A new device offers a pixel layout that saves battery life and presents a sharper picture.
October 24, 2007

Earlier this month, Samsung SDI announced that it will ship the world’s first high-resolution display for cell phones, made with organic light-emitting diodes (OLEDs). The company will pack 384,000 pixels into a three-inch screen, enabling crisp views, which are useful for presenting maps and other detailed images.

Pixel perfect: Clairvoyante’s Pentile display technology uses a third fewer pixels than in the traditional displays scheme, which saves power and provides more resolution in a display that employs organic light-emitting diodes. Traditionally, displays are composed of “subpixel” stripes of red, green, and blue. Conversely, Pentile uses subpixel stripes of alternating red and blue, and stripes of green (at half the width of the red and blue stripes).

“The resolution on handheld displays is going to start to matter more and more,” says Joel Pollack, chief executive officer of Clairvoyante. The company, based in Cupertino, CA, developed the technology behind the Samsung displays. Pollack says that consumers are clamoring for handhelds that can let them do more–from listening to music and watching videos to using maps and browsing the Web. But a good user experience requires a bright screen and crisp images.

The majority of today’s handheld displays rely on liquid-crystal technology, in which a white backlight illuminates crystals that create the pixels of a display. Billions of dollars have been invested in the liquid-crystal industry, but backlights drain battery power, and the displays can be dark. Increasingly, however, phone manufacturers are turning to OLEDs as an alternative. They can be made thinner than liquid-crystal displays, they’re brighter, and they consume much less power.

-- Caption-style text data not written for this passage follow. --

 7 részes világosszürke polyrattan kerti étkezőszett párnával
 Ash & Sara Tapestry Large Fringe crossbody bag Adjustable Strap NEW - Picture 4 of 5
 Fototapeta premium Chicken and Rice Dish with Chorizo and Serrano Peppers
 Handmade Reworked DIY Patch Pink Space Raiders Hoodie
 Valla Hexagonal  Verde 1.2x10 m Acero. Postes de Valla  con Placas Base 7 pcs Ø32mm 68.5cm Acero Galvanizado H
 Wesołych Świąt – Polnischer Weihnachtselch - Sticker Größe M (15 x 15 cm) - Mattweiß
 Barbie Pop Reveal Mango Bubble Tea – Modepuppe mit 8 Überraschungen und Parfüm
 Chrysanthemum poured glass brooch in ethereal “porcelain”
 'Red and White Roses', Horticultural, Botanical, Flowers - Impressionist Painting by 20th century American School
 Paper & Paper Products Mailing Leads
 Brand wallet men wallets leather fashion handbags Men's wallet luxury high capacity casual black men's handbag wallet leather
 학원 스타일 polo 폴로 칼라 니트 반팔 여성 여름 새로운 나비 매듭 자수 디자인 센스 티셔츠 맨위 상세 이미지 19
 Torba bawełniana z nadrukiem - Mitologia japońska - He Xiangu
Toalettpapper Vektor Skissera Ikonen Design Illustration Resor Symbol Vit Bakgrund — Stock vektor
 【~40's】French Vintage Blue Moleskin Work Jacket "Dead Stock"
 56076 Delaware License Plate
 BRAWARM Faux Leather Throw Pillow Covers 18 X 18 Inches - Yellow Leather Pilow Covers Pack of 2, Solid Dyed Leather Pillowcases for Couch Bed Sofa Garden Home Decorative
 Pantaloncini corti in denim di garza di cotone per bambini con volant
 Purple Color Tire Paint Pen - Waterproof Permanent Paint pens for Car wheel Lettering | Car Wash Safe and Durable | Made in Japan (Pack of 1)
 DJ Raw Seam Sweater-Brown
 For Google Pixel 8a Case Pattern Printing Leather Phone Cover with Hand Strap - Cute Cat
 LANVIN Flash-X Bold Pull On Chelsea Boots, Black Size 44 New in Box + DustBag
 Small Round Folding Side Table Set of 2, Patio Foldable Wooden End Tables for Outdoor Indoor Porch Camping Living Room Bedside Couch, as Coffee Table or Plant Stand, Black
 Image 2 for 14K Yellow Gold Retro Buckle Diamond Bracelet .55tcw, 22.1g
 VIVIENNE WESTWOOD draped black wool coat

Still, OLEDs have a major drawback, explains Pollack: the quality of the display degrades over time. The more electrical current applied to the display, the faster the image quality declines. Small displays with higher resolution require more electrical current to operate, so they’d degrade even faster. Manufacturers have been reluctant to invest in building small high-resolution OLED displays because they simply can’t ensure the quality in the long run.

Pollack explains that Clairvoyante’s approach to the problem is to eliminate a third of the pixels in the display, while maintaining the resolution and contrast. It sounds counterintuitive, but the technology, called Pentile, is able to reduce pixels with no discernable viewing difference by appealing to the way that people perceive color on a very small scale.

Conventional displays are composed of “subpixel” stripes of red, green, and blue. To illuminate a set of white and black lines using this scheme, the first red, green, and blue stripes would be turned on to create the white line, and the next set of red, green, and blue stripes would be turned off to create the black. In total, six stripes are required to create a pair of white and black lines.

Pentile uses only two main subpixel stripes: a green stripe and a second stripe that alternates between red and blue. (The green stripe is only half as tall as the alternating stripe.) To make a set of white and black lines, a green stripe and an alternating stripe are turned on while the next two lines are turned off. As a result, only four lines are required to create the black and white stripes. “We actually only used two-thirds of the number of pixels to have the same effect on resolution,” Pollack says.

This means that more pixels can be packed into the same display area, increasing the resolution without draining the power or adversely affecting the display’s lifetime, says Barry Young, an analyst at research firm Display Search. “The consumer can see the difference in an OLED display because of brightness,” he says. And increasing the resolution without increasing the handheld’s power consumption will be attractive to consumers.

Sample displays should be available in the first part of 2008, with mass production beginning later that year. Pollack says that initially, the high-resolution displays will cost an unspecified amount more, but as manufacturing increases, the price will drop.